When the ice began at 5,650m, it was probably the most atrocious ice I had encountered in my life. Like the rock, it was dry, crumbly and steep, a type where you couldn’t trust to arrest yourself in the event of a fall. If the British Army had designed this mountain as an assault course, they couldn’t have done a better job. I expected at any moment to come across a cargo net. In the darkness it felt dangerous, but we pressed on. We would have to worry about the descent when the time came.

The steepness and crappy ice conditions were relentless, but daylight’s arrival at six o’clock offered a measure of relief. Now I could see how dry the glacier was. It must have been a few weeks since it last snowed, and the powdery surface was like grey ash. I couldn’t recall ever having seen such dry snow. The clouds were far below us, and the twin summits of Iliniza appeared on the horizon to our left. Chimborazo’s summit cast a vast shadow across the Gran Arenal behind us.
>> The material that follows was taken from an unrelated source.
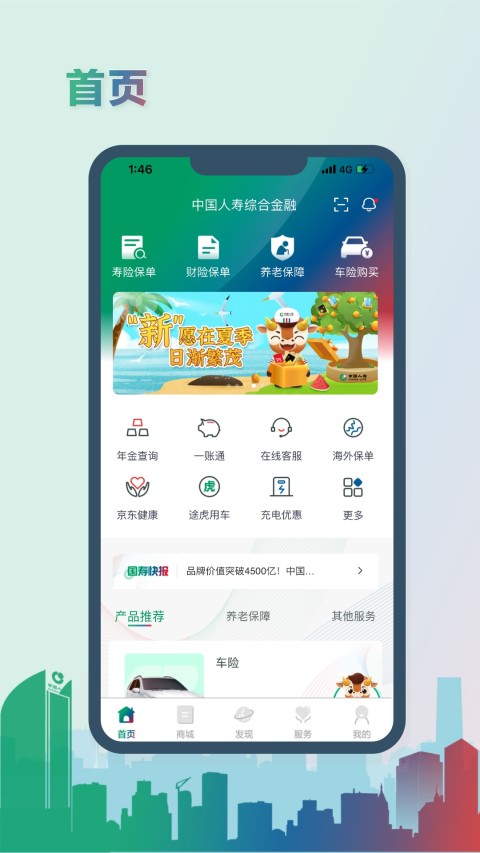 中国人寿综合金融v4.3.0截图5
We crossed a nasty section of penitentes as we approached the Veintimilla summit. These ice stalagmites are so-named because they are supposed to resemble a procession of penitent monks. They come and go with the seasons, and are formed by the action of sun and wind on newly fallen snow. Contrary to their name, they are far from penitent. They stood in our way like a troop of doormen at a nightclub, refusing you entry because you’re wearing the wrong shoes. My La Sportiva boots were bright yellow, which wasn’t promising.

‘You’re having a laugh – you can’t come in here with those on your feet,’ I heard one of them say to me. Or did I imagine it?
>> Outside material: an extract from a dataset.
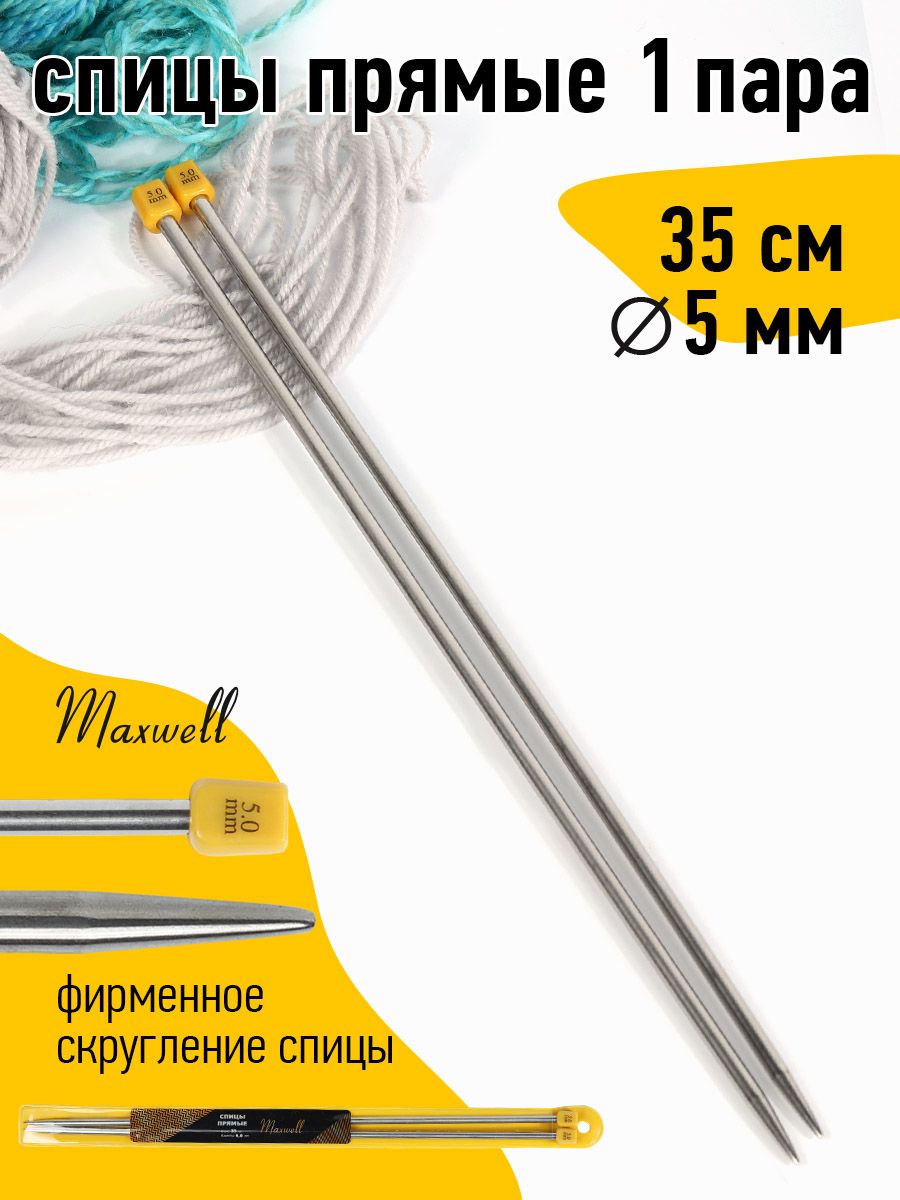 Спицыдлявязанияпрямые5,0мм35см(2шт)MaxwellGold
Most of the pinnacles extended well above our heads, and the passages in between were narrow. We frequently had to climb up onto ledges to find a way across into parallel passages – awkward when tied to teammates.
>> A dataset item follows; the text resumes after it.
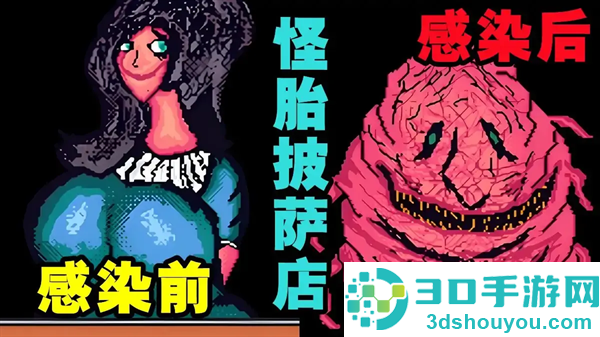 怪胎披萨店游戏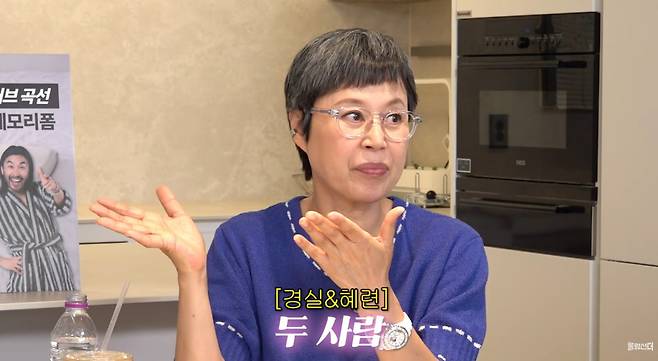 유튜브 채널 '롤링썬더' 캡처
It was tiring work, but just before 7.15 we met a team coming the other way. This is always an encouraging sign on a busy mountain, as it usually means that you’re not far from the top.

Their guide congratulated us on our successful ascent.

‘He’s a bit premature, isn’t he?’ I said to no one in particular as we continued past them.

A few moments later, we stepped onto the Veintimilla summit.

Chimborazo’s second summit was not very obvious. The ice dropped slightly on the other side to a dip that you might describe as a saddle, but it was only a few metres, and it rose again to the obvious higher point of the Whymper summit a short distance away. There was a magnificent view north to the three distinct volcanic cones of Cotopaxi, Cayambe and Antisana rising in a line above the clouds. Cayambe – where we had stood two days earlier – was the more distant, peeping timidly between the other two.

Photo Stefan Weigel

The impenetrable maze of penitentes covered both summits completely. I was already worn out, and I hoped the trail to the main summit would be easier than the approach to the Veintimilla.

We stopped for a rest. Another rope team arrived, and again the guide held his hand out to congratulate me.

I must have looked bemused. ‘But we’re not there yet,’ I said.

The guide turned around and walked away from his group.

‘What’s going on?’ I said to Romel. ‘Why is everyone congratulating us? The ref’s not blown his whistle yet. The summit’s over there.’

I pointed to the Whymper summit, a black shadow curving above the penitentes field.

‘Most people are stopping here,’ he said.

‘But why?’

He let out a short burst of laughter, more like a cackle.

‘You guys are the strongest people here. It’s OK. Have a snack and then we will continue. It’s not going to be easy.’